1. To formulate a detailed risk management policy which shall include:
(a). A framework for identification of internal and external risks specifically faced by the listed entity, in particular including financial, operational, sectoral, sustainability (particularly, ESG related risks), information, cyber security risks or any other risk as may be determined by the Risk Management Committee;
(b).
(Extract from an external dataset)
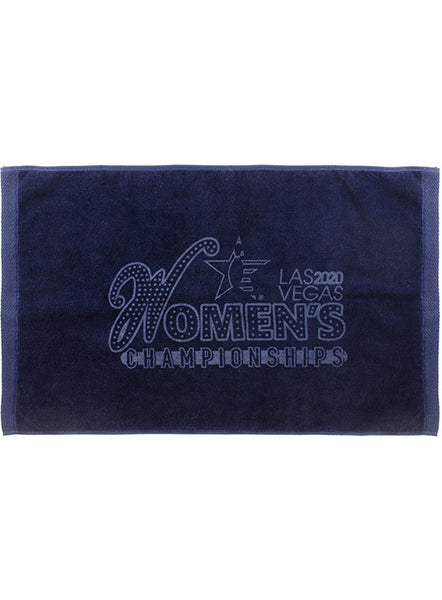 2020 Women's Championships Navy Towel - Front View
Measures for risk mitigation including systems and processes for internal control of identified risks; and
2. Business continuity plan.
3. To ensure that appropriate methodology, processes and systems are in place to monitor and evaluate risks associated with the business of the Company;
4. To monitor and oversee implementation of the risk management policy, including evaluating the adequacy of risk management systems;
5. To periodically review the risk management policy, at least once in two years, including by considering the changing industry dynamics and evolving complexity;
6. To keep the board of directors informed about the nature and content of its discussions, recommendations and actions to be taken;
7. The appointment, removal and terms of remuneration of the chief risk officer (if any) shall be subject to review by the Risk Management Committee;
8. To attend to such other matters and functions as may be prescribed by the Board from time to time; and
9. Such other terms of reference as may be prescribed under the Companies Act, 2013 as amended and the Securities and Exchange Board of India (Listing Obligations and Disclosure Requirements) Regulations, 2015, as amended.
10. The Risk Management Committee shall coordinate its activities with other committees, in instances where there is any overlap with activities of such committees, as per the framework laid down by the board of directors.”